PROBLEM STATEMENT:
Write every line below out again exactly, images omitted.

(Beginning of EXERCISE DATA)

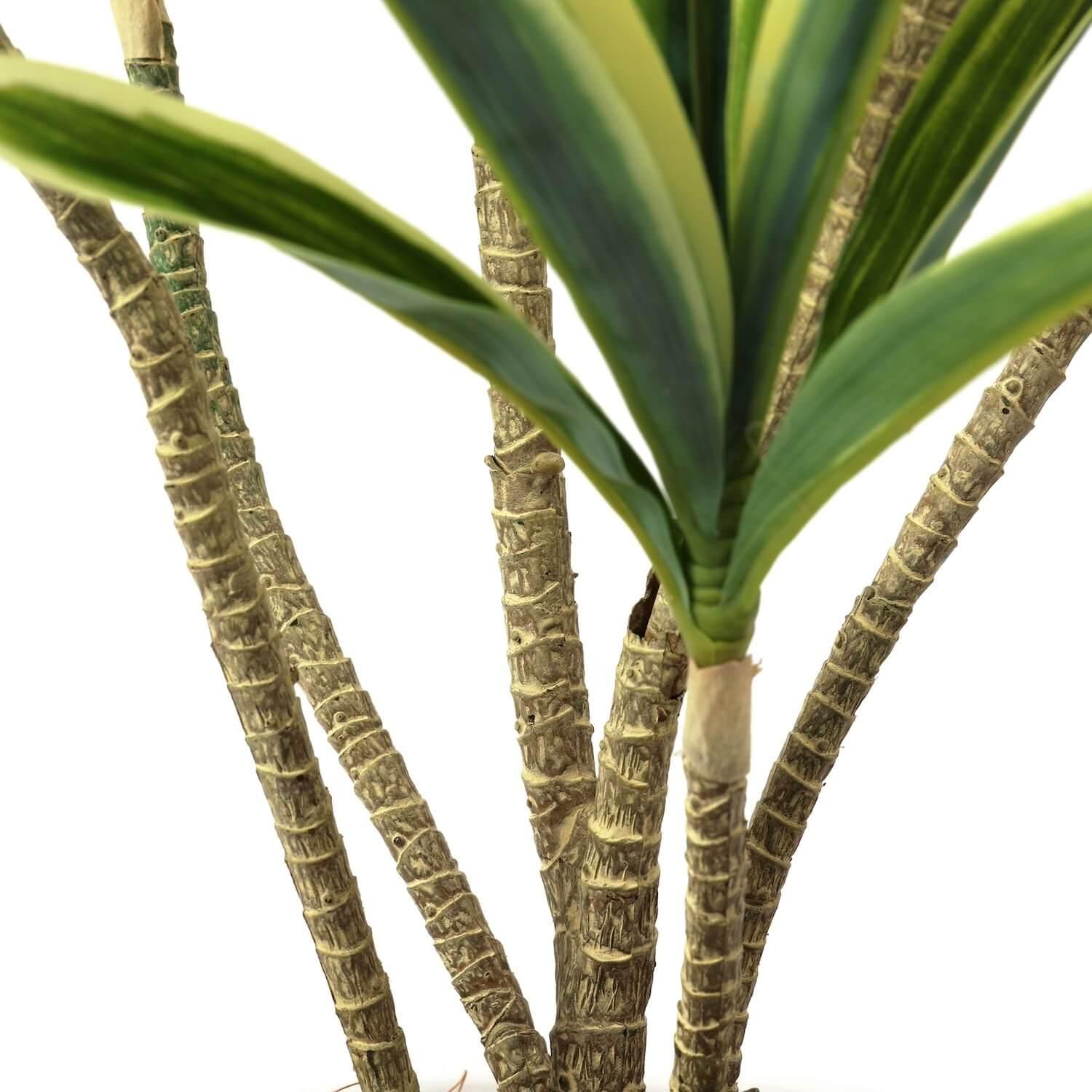 ɥ饻 åɥݥå H120cm տʪ ե꡼ eco Ҹľʡ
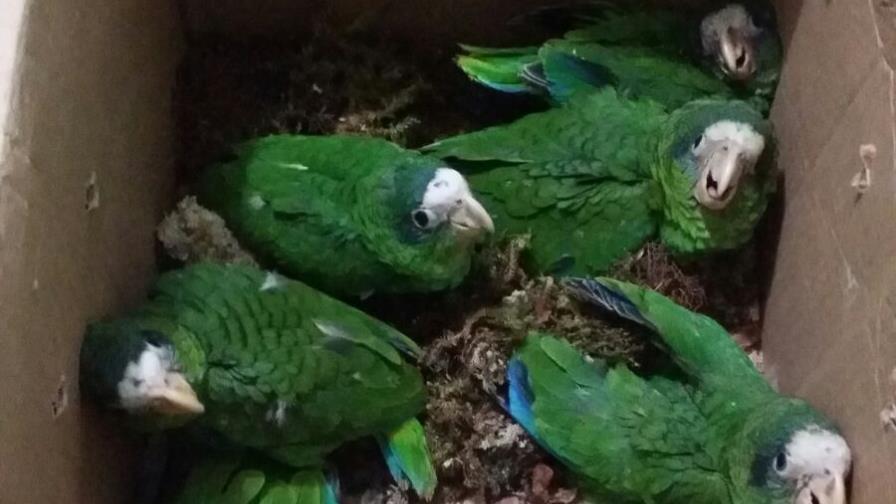 Medio Ambiente se incauta cotorras en peligro de extinción 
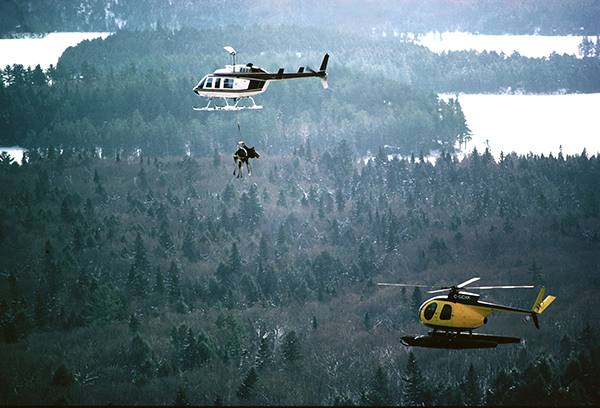 Two helicopters are shown in flight, with one carrying a moose in a sling over a wintry Ontario.
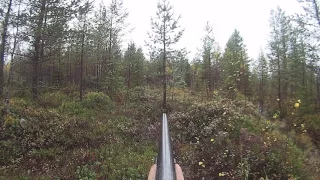 Hirvenkaato säkälle (80) Moose hunting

(End of EXERCISE DATA)

SOLUTION TO THE EXERCISE:
 ɥ饻 åɥݥå H120cm տʪ ե꡼ eco Ҹľʡ
 Medio Ambiente se incauta cotorras en peligro de extinción 
 Two helicopters are shown in flight, with one carrying a moose in a sling over a wintry Ontario.
 Hirvenkaato säkälle (80) Moose hunting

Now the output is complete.